= Pioneer Athletic Conference =

The Pioneer Athletic Conference (PAC) is a high school athletic conference with 12 members. The conference' is affiliated with the Pennsylvania Interscholastic Athletic Association (PIAA) and all participating school districts are located within the southeastern quadrant of Pennsylvania. The PAC was founded in 1985 with eight members and was then known as the PAC-8.

==Current members==

| Liberty Division | Frontier Division |
|---|---|
| Boyertown Bears | Phoenixville Phantoms |
| Methacton Warriors | Pope John Paul II Golden Panthers |
| Norristown Eagles | Pottsgrove Falcons |
| Owen J. Roberts Wildcats | Pottstown Trojans |
| Perkiomen Valley Vikings | Upper Merion Vikings |
| Spring-Ford Rams | Upper Perkiomen Indians |

==Past membership moves==
===1985: founding members===
The Pioneer Athletic Conference, then known as the PAC-8, was composed of the following charter members:

| Founding Member | Former Conference/League |
| Lansdale Catholic | Bicentennial League |
| Perkiomen Valley | Bux-Mont League |
Upper Perkiomen
| Phoenixville | Ches-Mont League |
Pottsgrove
Pottstown
Spring-Ford
St. Pius X

===1988: Great Valley and Owen J. Roberts join===
Great Valley and Owen J. Roberts join the Pioneer Athletic Conference and bring the total membership to ten.

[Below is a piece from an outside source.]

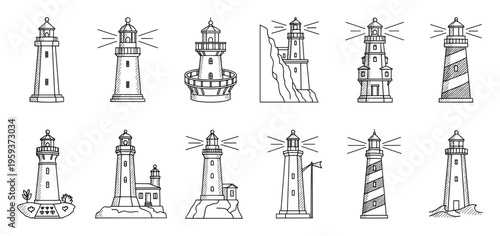 A collection of various handdrawn lighthouse outlines symbolizing maritime navigation, safety, and coastal travel, suitable for oceanthemed projects and waterside security graphics.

===2002: Great Valley replaced by Boyertown===
Great Valley left the PAC-10 to join the Southern Chester County League. In the same year, the PAC-10 admitted Boyertown which effectively kept the Pioneer Athletic League at 10-member status.

===2007: Lansdale Catholic moves to PCL, replaced by Methacton===
On May 9, 2007, Lansdale Catholic administrators announced that they have accepted an invite to the Philadelphia Catholic League. The move is effective in July 2008. On July 3, 2007, Methacton School District was accepted into the PAC-10 after their application was approved by the principals of the existing PAC-10 member schools.

===2010: St. Pius X Merges with Kennedy-Kenrick, becomes Pope John Paul II===
As of the end of the 2009–2010 school year, St. Pius X and Kennedy-Kenrick Catholic High School, formerly of the Philadelphia Catholic League, in Norristown merged to form a new high school named Pope John Paul II, located in Royersford. This school is already admitted to the PAC 10.

===2016: Norristown & Upper Merion join===
Beginning in August 2016, the Norristown Eagles and Upper Merion Vikings joined the PAC to make it a 12-team conference. This marks the first expansion of the PAC since 1988.

On January 29, 2015, Norristown Area School District school board voted 9–0 to leave the Suburban One and join the PAC after months of discussion. Middle School sports will begin in September 2015 while the High School will join the league beginning with the 2016–17 school year.

On May 4, 2015, Upper Merion Area School District school board voted 8–1 to leave the Suburban One and join the PAC after many months of discussion. Middle School sports will begin in September 2015 while the High School will join the league beginning with the 2016–17 school year along with Norristown.